Dengan cangkul dan sekop, mereka menggali perlahan. Perabotan yang terselamatkan satu per satu dikeluarkan. Tangan Umma sudah tak lagi dikenali, penuh lapisan lumpur cokelat pekat. Pakaian, piring, lemari yang masih bisa diselamatkan, dibawanya ke sungai dekat rumah untuk dicuci. Sebuah rutinitas yang melelahkan.

Malam bencana itu masih jelas terbayang. Hujan lebat tak henti mengguyur. Menjelang tengah malam, air mulai merayap masuk ke dalam rumah. Mereka berdua masih sempat mengangkat barang-barang ke tempat yang lebih tinggi, meletakkannya di atas meja dan lemari. Saat itu, pikiran buruk belum terlintas.

“Kami pikir airnya tidak akan terlalu tinggi,” kenang Umma, Selasa (23/12) lalu.

Namun begitu, prediksi mereka meleset.

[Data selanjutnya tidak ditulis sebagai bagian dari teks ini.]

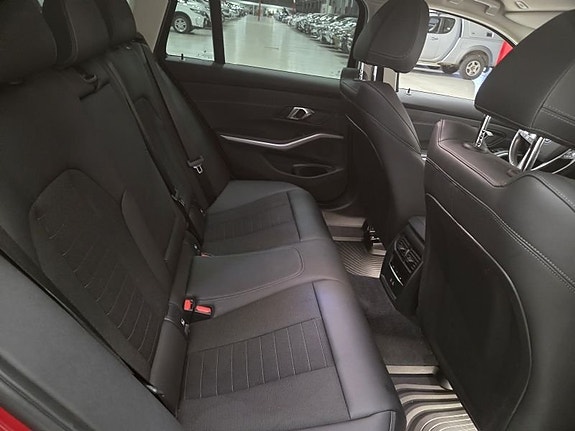 BMW 330e 5 of 10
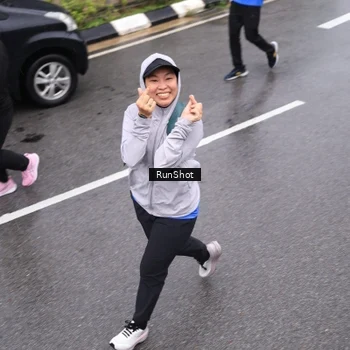 Runner Photo 7943950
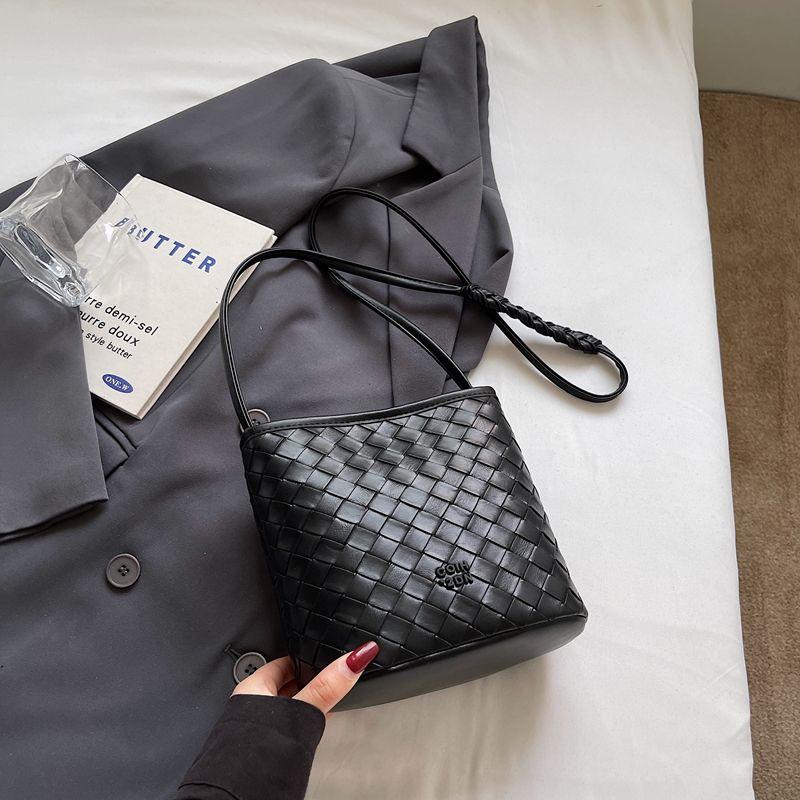 

[with Zip-up Interlayer] Woven Pattern Silver Bag Shoulder Mobile Phone Bag 2025 New Fashion All-Matching Small Bag Black without pendant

Air terus naik, mencapai ketinggian lutut orang dewasa. Panik mulai menyergap. Umma, suaminya, dan anak mereka memutuskan keluar, bergegas mencari tempat yang aman. Musala sebuah pondok pesantren tak jauh dari rumah menjadi tujuan.

“Kami bergegas ke lantai dua musala pesantren dengan membawa satu tas berisi dokumen penting, baju masing-masing dua pasang, bantal untuk anak, dan selimut. Saat kami keluar, air di luar rumah sudah setinggi pinggang,” ucapnya.

Sesampainya di sana, situasi justru makin mencekam. Air naik dengan kecepatan yang menakutkan, deras bagai sungai yang meluap. Dari balik jendela musala, mereka hanya bisa pasrah.

“Kami hanya bisa melihat air, berdoa, dan berserah diri kepada Allah,” katanya, suara terdengar lirih saat mengingatnya.

Pukul dua pagi, banjir mencapai puncaknya. Ketinggian air lebih dari dua meter. Dari lantai dua, Umma menyaksikan rumahnya nyaris tak tampak, tenggelam sepenuhnya. Rasa waswas menyelimuti.

“Kami sangat waswas waktu itu. Apakah kami akan selamat, ataukah ini malam terakhir kami di dunia ini,” ujarnya.

Pemandangan pilu lainnya menyusul. Barang-barang dapur mereka hanyut terbawa arus deras melewati musala.